AI agent builds a mountain road in DWG from a single prompt
DWG is now a target format for AI agents in the same way Python is a target language. This demo shows the full path: a prompt of a few lines asks for a mountain road through three named locations on real terrain, and the agent works with no human intervention from there.
From prompt to finished DWG
Terrain and routing in Python
It fetches and parses the terrain tile and runs the routing algorithm in Python on its own — then uses the ODA MCP Server to turn the result into CAD geometry.
DWG and PDF output
The output is a single DWG file with the full scene and a technical PDF report on the road, both produced by the agent. The DWG opens and edits as ordinary CAD data in OdaMfcApp or AutoCAD.
Interactive part with STEP MCP Embedded into Open STEP Viewer
- Run Open STEP Viewer, show MCP Plugin setup in File/Options/Plugins/STEP MCP Server
- In Visual Studio Code, Claude Code start command /mcp which shows a list of all available MCP servers
- Open list of tools for STEO MCP
- Open .step file in Open STEP Viewer
- Set appropriate view for hole to set Feature Hole be nicely visible, mark it up with small red circle for highlight cylindrical face of hole
- Enter prompt (see MCP_Movies_Prompts.txt, part 1)
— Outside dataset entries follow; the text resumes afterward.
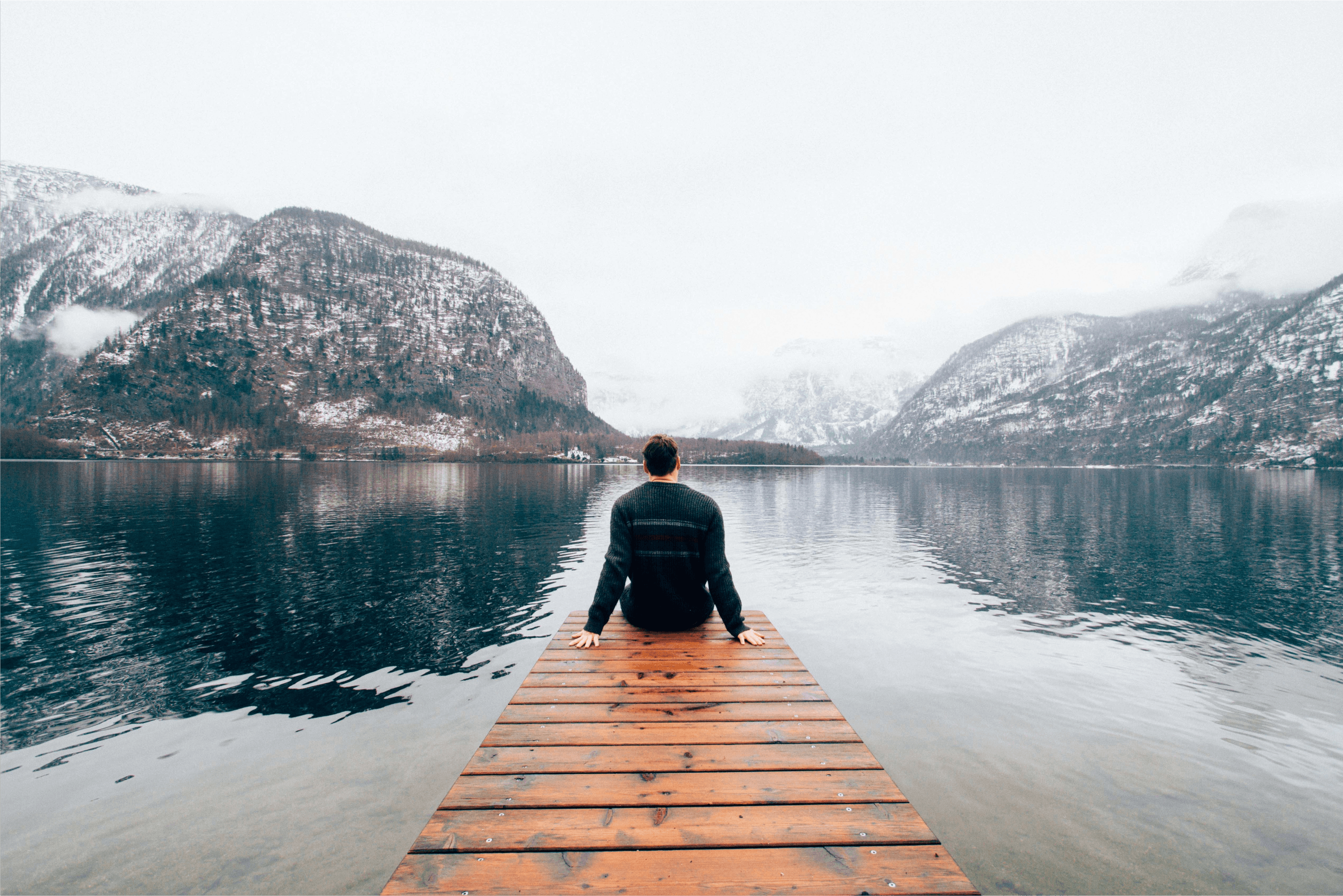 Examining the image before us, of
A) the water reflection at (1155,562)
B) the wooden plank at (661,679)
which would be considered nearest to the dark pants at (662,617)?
the wooden plank at (661,679)

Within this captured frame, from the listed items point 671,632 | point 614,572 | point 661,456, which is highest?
point 661,456

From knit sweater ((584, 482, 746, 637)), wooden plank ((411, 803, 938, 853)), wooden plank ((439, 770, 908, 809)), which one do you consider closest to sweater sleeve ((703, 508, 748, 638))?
knit sweater ((584, 482, 746, 637))

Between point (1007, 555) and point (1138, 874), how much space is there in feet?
118

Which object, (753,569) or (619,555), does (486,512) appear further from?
(619,555)

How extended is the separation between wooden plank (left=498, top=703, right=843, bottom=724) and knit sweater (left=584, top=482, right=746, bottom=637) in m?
1.85

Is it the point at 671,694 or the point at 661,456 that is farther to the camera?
the point at 661,456

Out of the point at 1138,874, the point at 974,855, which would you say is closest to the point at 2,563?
the point at 974,855

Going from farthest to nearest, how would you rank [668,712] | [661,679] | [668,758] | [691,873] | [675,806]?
[661,679] < [668,712] < [668,758] < [675,806] < [691,873]

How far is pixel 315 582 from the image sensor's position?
29.4m

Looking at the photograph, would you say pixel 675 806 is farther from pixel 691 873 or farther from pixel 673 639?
pixel 673 639

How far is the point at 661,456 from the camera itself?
925 centimetres

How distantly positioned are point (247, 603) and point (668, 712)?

- AI is finding product ID into Semantic Markup, getting its geometry, analyzing it, calculates volume, surface area, center of extents, center of mass, calculates masses for different materials, adds calculated values as user-defined properties to the product
- AI is looking at current snapshot (with red circle as markup), does "click" using select_in_scene MCP tool to pick highlighted face, calculating cylinder radius and depth for creating Hole Feature
- AI is adding a hole feature (green) for picked cylindrical face of hole
- AI is creating informational draughting model with South-East camera. It doesn't contain any PMIs.
- AI is creating informational draughting model with North-East camera, investigates detail and makes informational Leader PMIs with detail parts names
- AI is creating draughting models with Top, Front and Right cameras, investigates holes by using geometric representation for the product and creating appropriate diameter dimensions for their inner and outer radii.
- Show results:
- Created subtrees of SDAI instances for Hole Feature
- Isolate green Hole Feature
- Show newly created user-defined properties for the product
- Show one-by-one created draughting models views with PMIs
Batch part with stand-alone STEP and VSFX MCP servers interaction
AI creates single PDF document with STEP files overview.
- Run stand-alone STEP MCP over HTTPS protocol, show it's connected to the Claude Code AI agent.
- Enter prompt (see MCP_Movies_Prompts.txt, part 2)
- For several JPMI step files in directory
- Upload all files into STEP MCP
- AI is reading all uploaded STEP files for they to be accessed during the session (Semantic Markup is created for them implicitly which is available as MCP Resources "drawing://")
- AI is finding products within readed STEP files and is finding there products with their geometrical representations
- AI is investigating geometric representations and calculates volume, surface area, center of extents and center of masses for geometries in files, adding appropriate user-defined properties for products.
- AI is calculating masses for different materials, recommends materials for parts.
- These values will be used for PDF documentation creation.
- Importing STEP files into VSFX MCP for snapshots for draughting models creation
- AI is taking draughting models camera settings and provide them into VSFX MCP so it can provide snapshots for them, as separate PNG files.
- AI is creating single PDF file with documentation from calculated values and rendered snapshots, PDF contains analysis of parts geometry, recommendations on materials and snapshots with parts and attached PMIs for them.